- Sire: Gold Fever
- Grandsire: Forty Niner
- Dam: Annasan
- Damsire: Corporate Report
- Sex: Gelding
- Foaled: 2001
- Country: Canada
- Colour: Chestnut
- Breeder: Beclawat Stable
- Owner: The Two Bit Racing Stable
- Trainer: Catherine Day Phillips
- Record: 18: 10-3-2
- Earnings: $1,888,155

Major wins
- Coronation Futurity (2003) Plate Trial Stakes (2004) Ontario Derby (2004) Dominion Day Handicap (2005) Chinese Cultural Centre Stakes (2005) Sky Classic Handicap (2005) Canadian Classic Race wins: Prince of Wales Stakes (2004) Breeders' Stakes (2004)

Awards
- Canadian Champion 3-Year-Old Male Horse (2004) Canadian Champion Older Male Horse (2005) Canadian Champion Male Turf Horse (2005) Canadian Horse of the Year (2005)

= A Bit O'Gold =

Canadian Thoroughbred racehorse

A Bit O'Gold (foaled 2001 in Ontario) is a Canadian Thoroughbred Champion racehorse.

==Background==
A Bit O'Gold was sired by Grade I winner Gold Fever, a son of the 1987 American Champion Two-Year-Old Colt, Forty Niner, out of the mare, Annasan,

==Racing career==
Equally effective racing on both dirt and grass, A Bit O'Gold began racing at age two in 2003 for owner/trainer Catherine Day Phillips. He won his first three starts, including the important Coronation Futurity Stakes in early November. At age three, the gelding won two of the three races comprising the Canadian Triple Crown series. After winning the Plate Trial, A Bit O'Gold finished second in the Queen's Plate, then won the Prince of Wales Stakes and on turf, the third leg of the Triple Crown, the Breeders' Stakes.
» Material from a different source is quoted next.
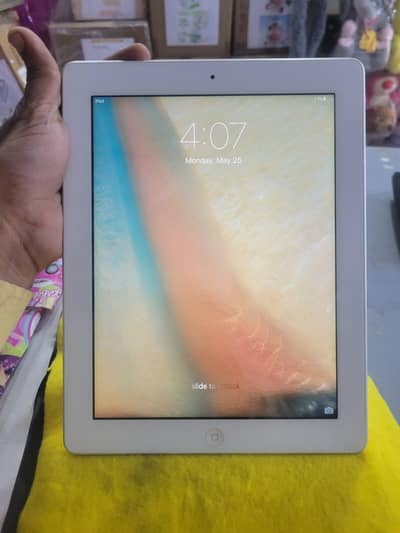 Apple ipad all ok good condition urgent for sale original charger ka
A Bit O'Gold's 2004 performances earned him the Sovereign Award for Champion 3-Year-Old Male Horse.

At age four, A Bit O'Gold won important Canadian races on dirt and on grass that resulted in three Sovereign Awards, including for Canadian Horse of the Year.

==Retirement==
In May 2006, A Bit O'Gold was retired to Kingfield Farms in Maple, Ontario.